* What you need to do:
Scan the records below for the line containing "24V +LINE NUEVO" and the line containing "36a Maungarei Road Remuera_17". Copy both, plus every line between, exactly.
*** Listed entries Section Begins ***
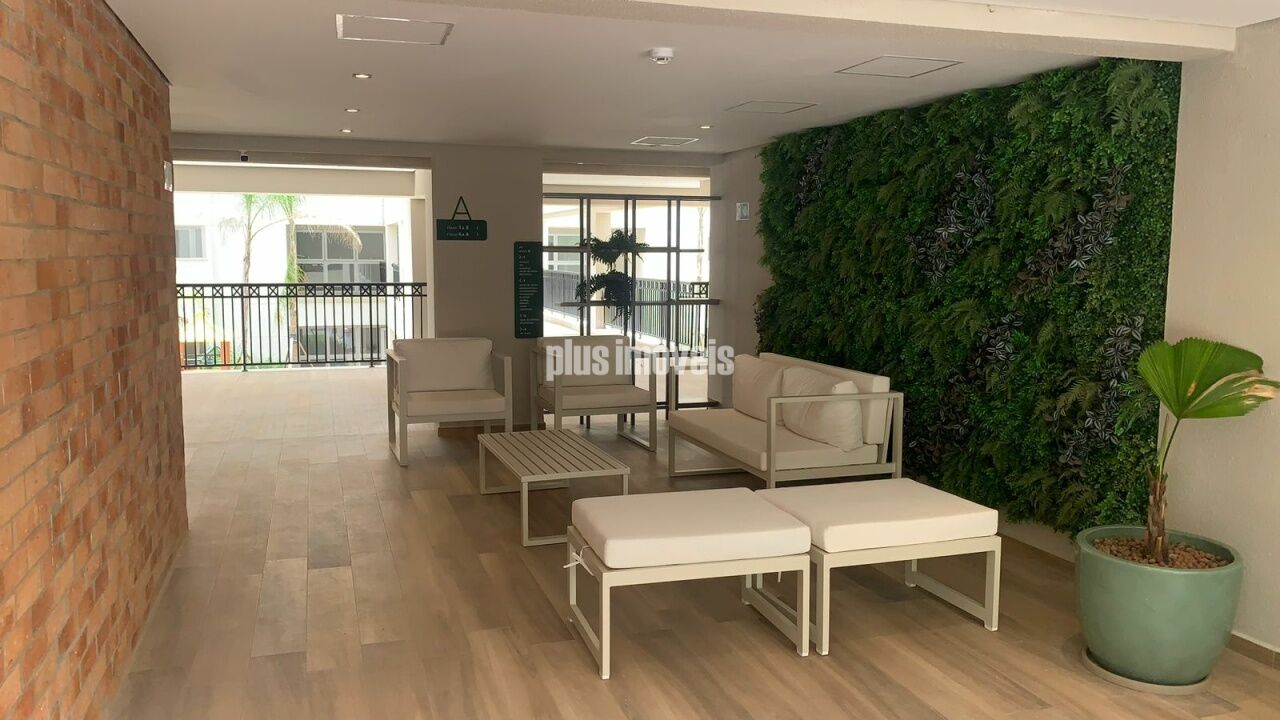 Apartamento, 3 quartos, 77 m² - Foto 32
*** Listed entries Section Ends ***
*** Listed entries Section Begins ***
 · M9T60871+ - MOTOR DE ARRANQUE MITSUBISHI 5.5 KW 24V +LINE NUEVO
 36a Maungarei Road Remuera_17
*** Listed entries Section Ends ***
* Exercise solution:
 · M9T60871+ - MOTOR DE ARRANQUE MITSUBISHI 5.5 KW 24V +LINE NUEVO
 36a Maungarei Road Remuera_17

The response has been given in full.